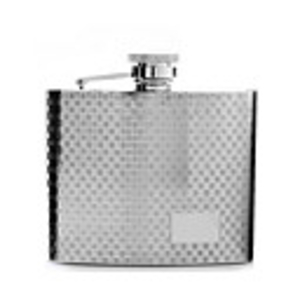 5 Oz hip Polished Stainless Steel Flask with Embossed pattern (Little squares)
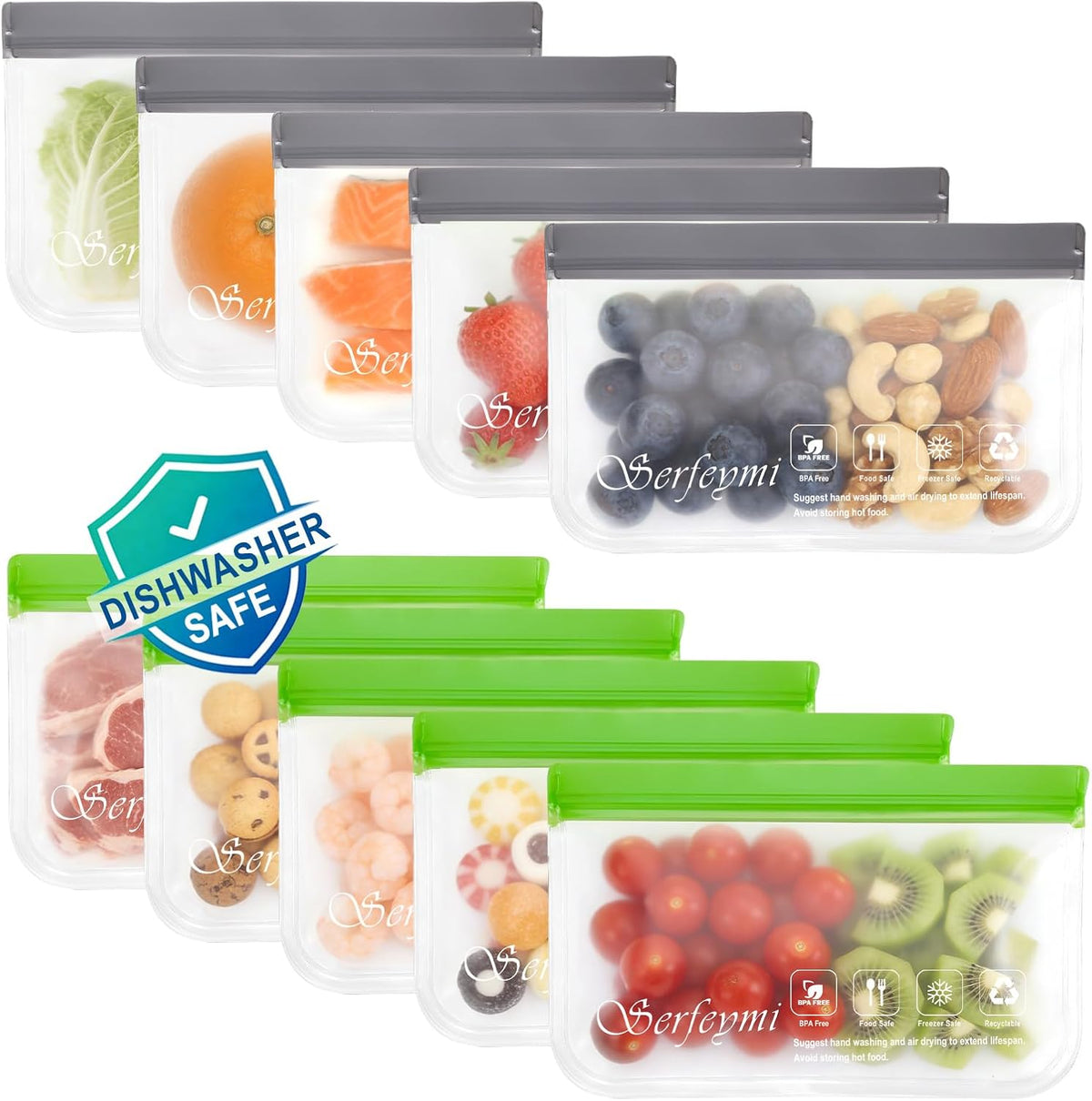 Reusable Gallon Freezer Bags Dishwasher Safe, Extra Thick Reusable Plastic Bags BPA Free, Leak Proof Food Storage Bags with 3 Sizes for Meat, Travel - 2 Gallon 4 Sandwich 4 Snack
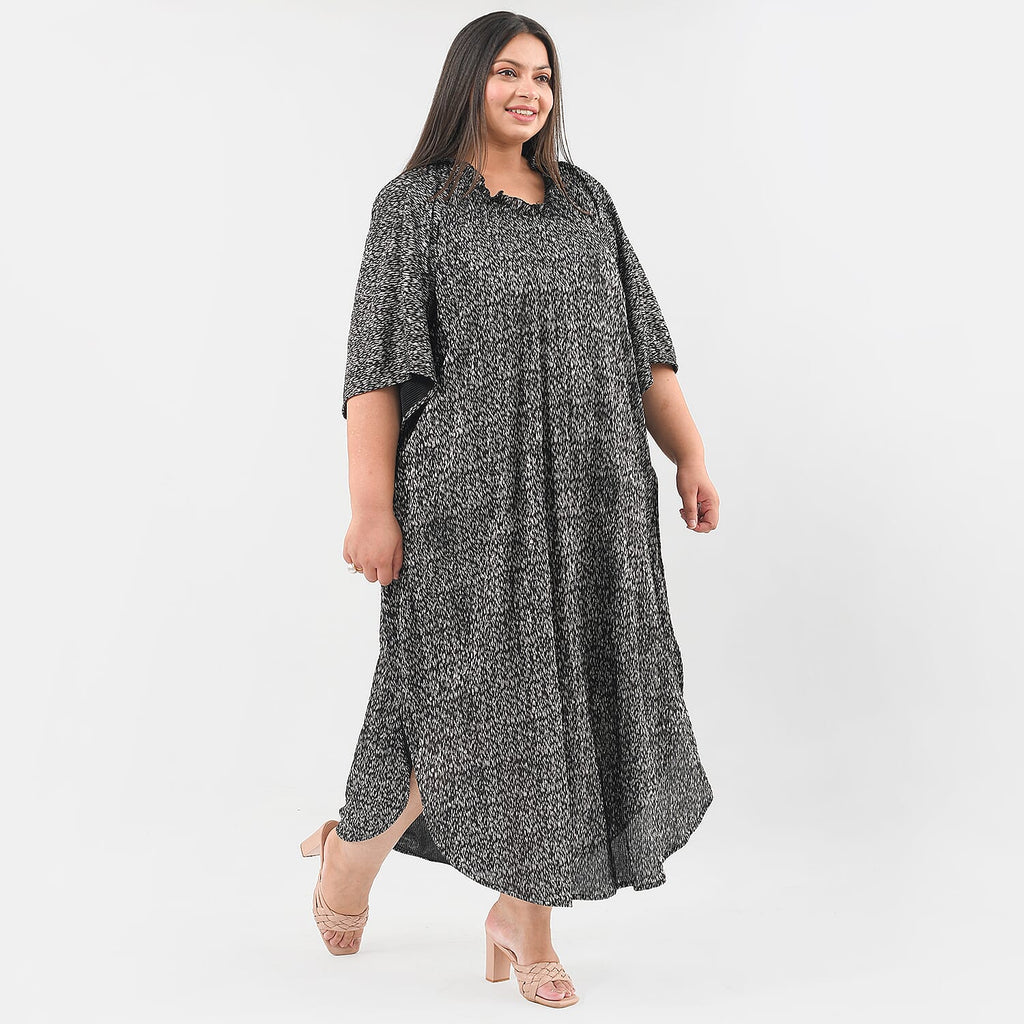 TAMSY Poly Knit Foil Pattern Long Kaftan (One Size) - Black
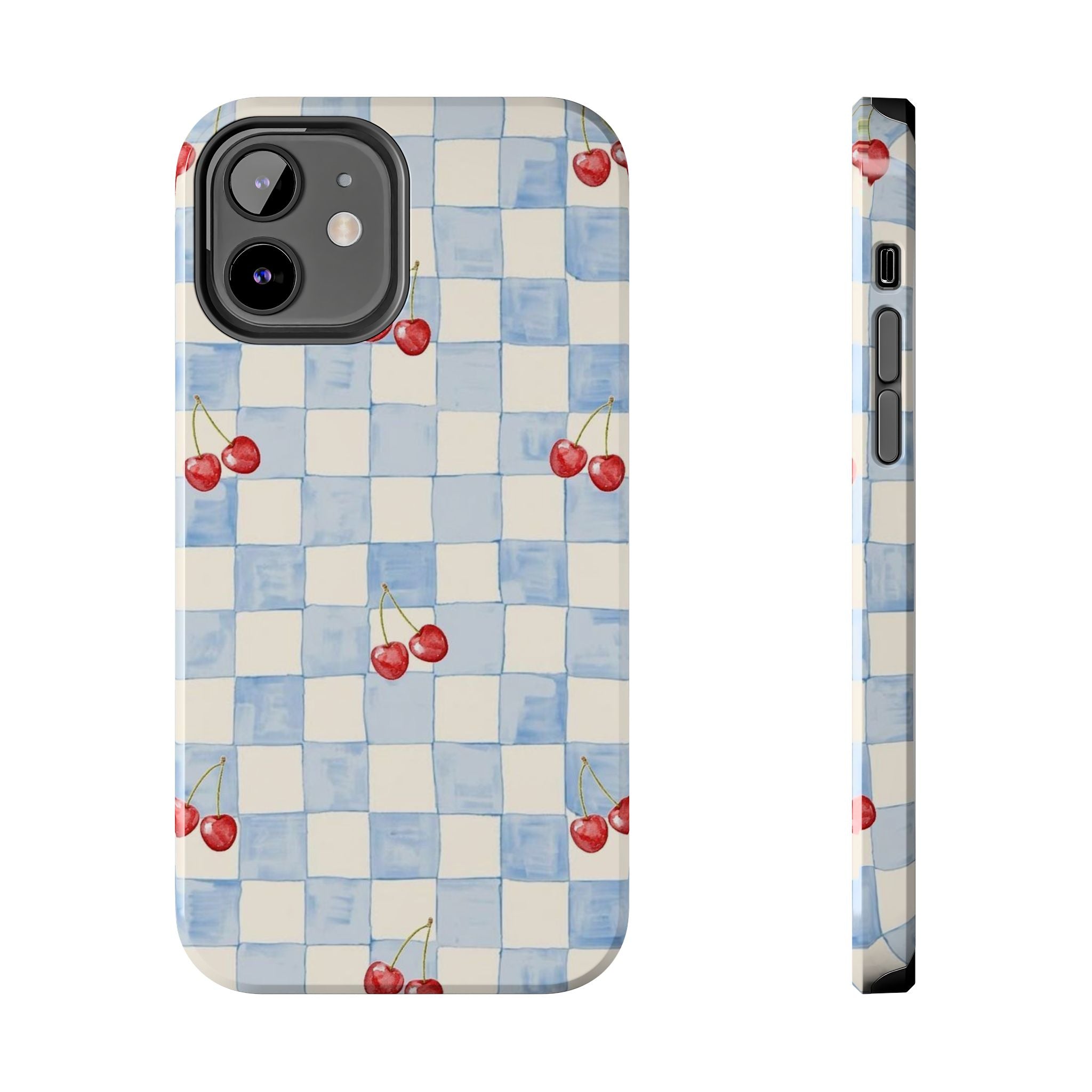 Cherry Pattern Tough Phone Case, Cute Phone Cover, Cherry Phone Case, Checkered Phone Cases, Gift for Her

▶ _ASSIGNMENT_
Exactly reproduce the lines that run from the first line of the listing above to the line containing "TAMSY Poly Knit", including both; omit the pictures.

▶ _RESPONSE AREA_
 5 Oz hip Polished Stainless Steel Flask with Embossed pattern (Little squares)
 Reusable Gallon Freezer Bags Dishwasher Safe, Extra Thick Reusable Plastic Bags BPA Free, Leak Proof Food Storage Bags with 3 Sizes for Meat, Travel - 2 Gallon 4 Sandwich 4 Snack
 TAMSY Poly Knit Foil Pattern Long Kaftan (One Size) - Black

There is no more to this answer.